▸ **DATASET**
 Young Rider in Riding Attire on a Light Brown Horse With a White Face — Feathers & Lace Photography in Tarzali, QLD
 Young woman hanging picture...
--
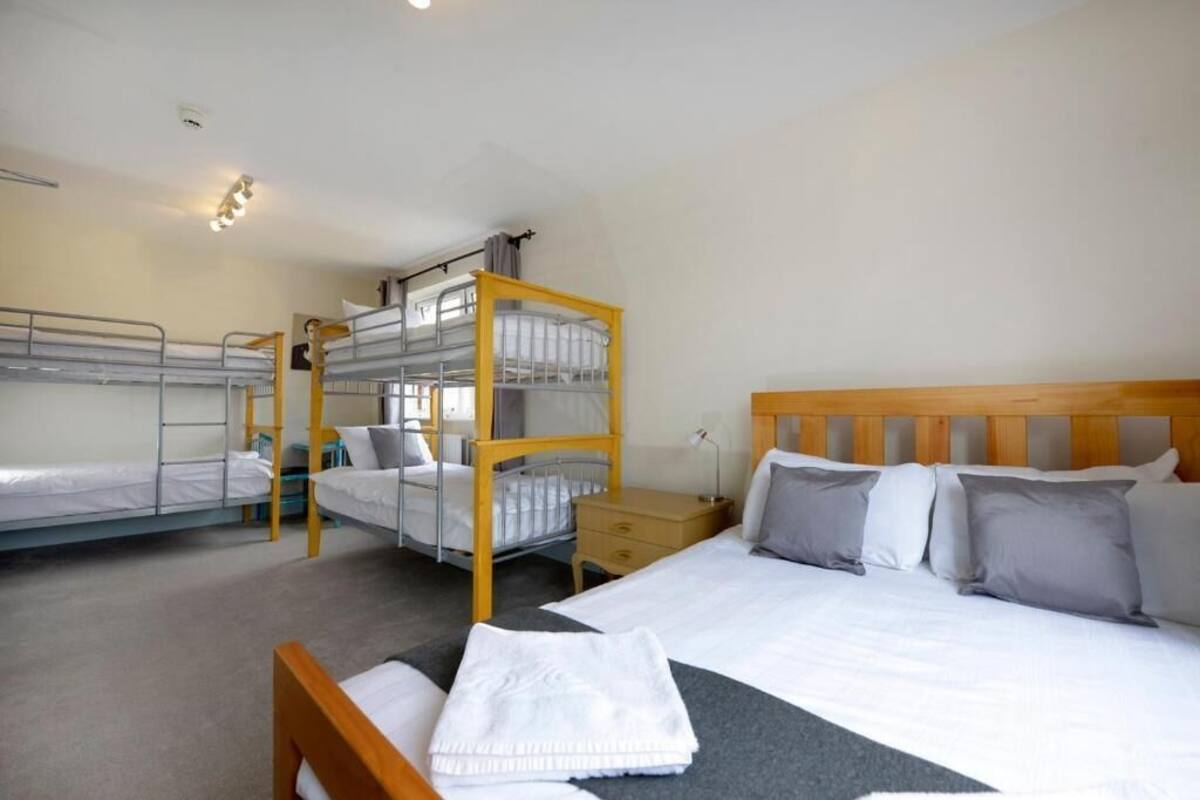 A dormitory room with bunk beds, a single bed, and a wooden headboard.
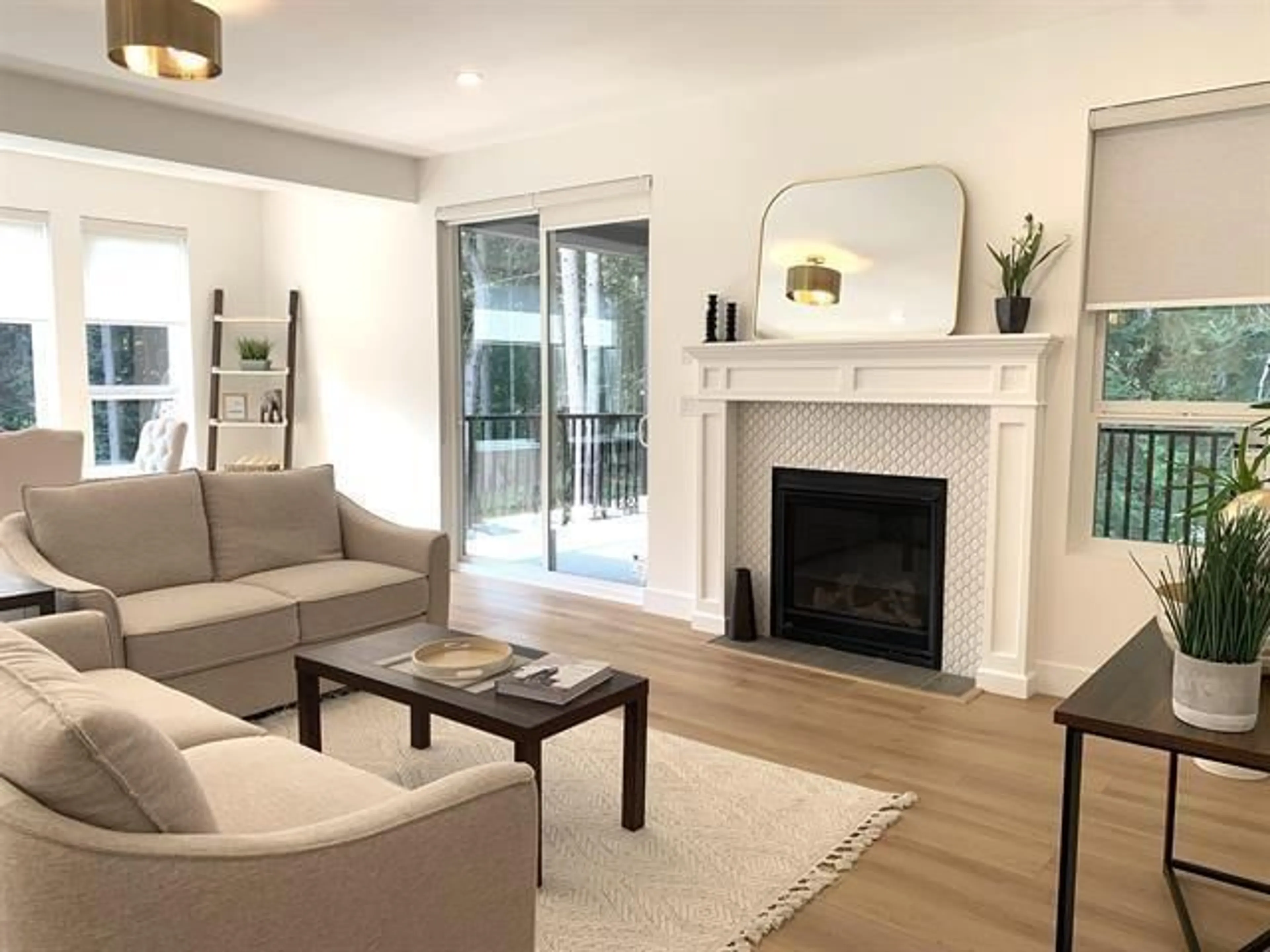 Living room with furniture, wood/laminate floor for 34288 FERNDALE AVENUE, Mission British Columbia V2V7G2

▸ **TASK BRIEF**
Leaving out all pictures, set down exactly the lines of the material above, from the line with "A dormitory room" to the line with "Living room with" inclusive, and no others.

▸ **ANSWER FOR THIS EXERCISE**
 A dormitory room with bunk beds, a single bed, and a wooden headboard.
 Living room with furniture, wood/laminate floor for 34288 FERNDALE AVENUE, Mission British Columbia V2V7G2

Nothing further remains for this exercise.